• Source data:
-*-
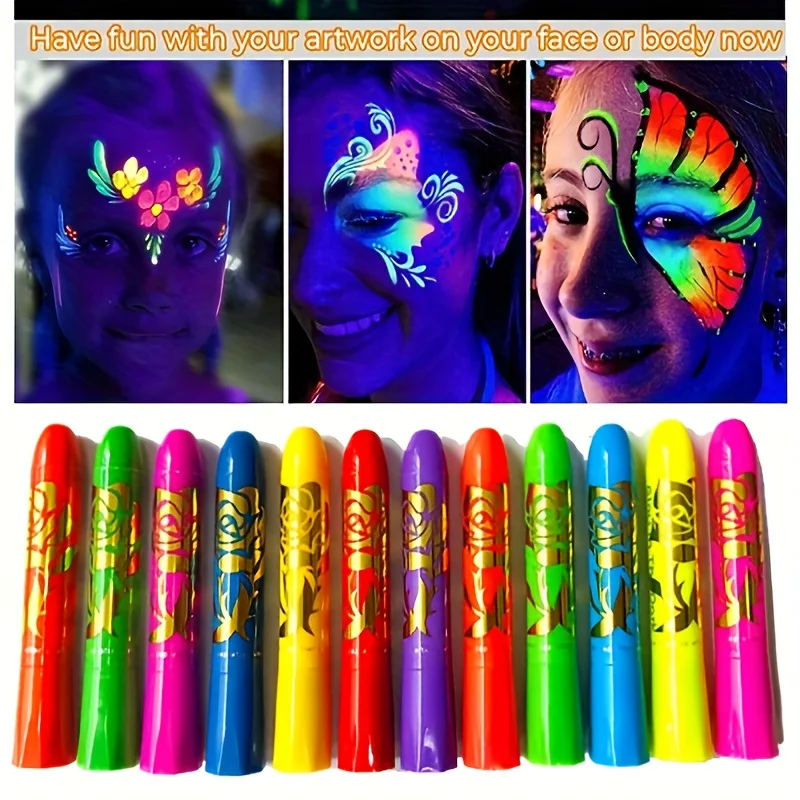 12 Color Luminous Face Painting, Human Body Painting, Facial Painting, Halloween Water-Based Crayon, Holiday Makeup Paint - 4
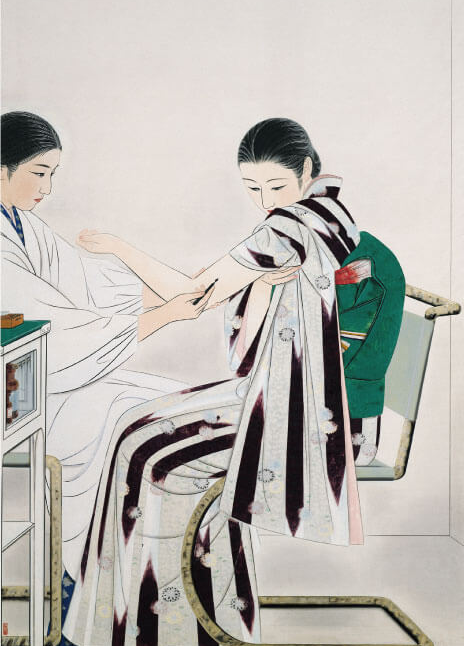 20世纪30年代的一幅画中，一位时髦的年轻日本女子正在接种疫苗。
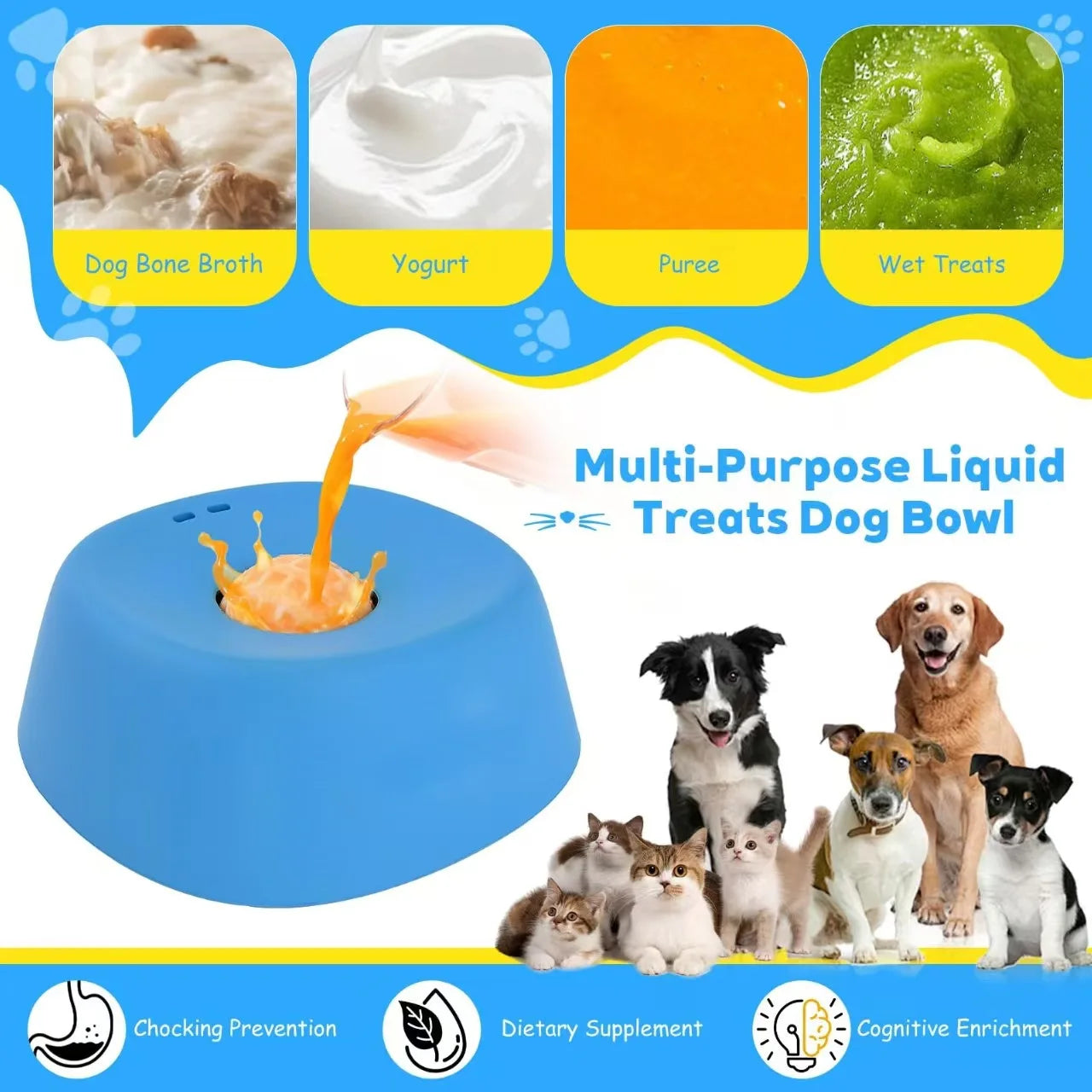 Slow Feeder Dog Bowls for Liquid Treat, 【Enrichment Ball-Roll】 Bone Broth Dog Lick Bowl, 3/4 Cup Yogurt Pup Lick Toy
-*-
• Instructions for the task: An exact reproduction of the data is required, with pictures excluded.

• Result below:
 12 Color Luminous Face Painting, Human Body Painting, Facial Painting, Halloween Water-Based Crayon, Holiday Makeup Paint - 4
 20世纪30年代的一幅画中，一位时髦的年轻日本女子正在接种疫苗。
 Slow Feeder Dog Bowls for Liquid Treat, 【Enrichment Ball-Roll】 Bone Broth Dog Lick Bowl, 3/4 Cup Yogurt Pup Lick Toy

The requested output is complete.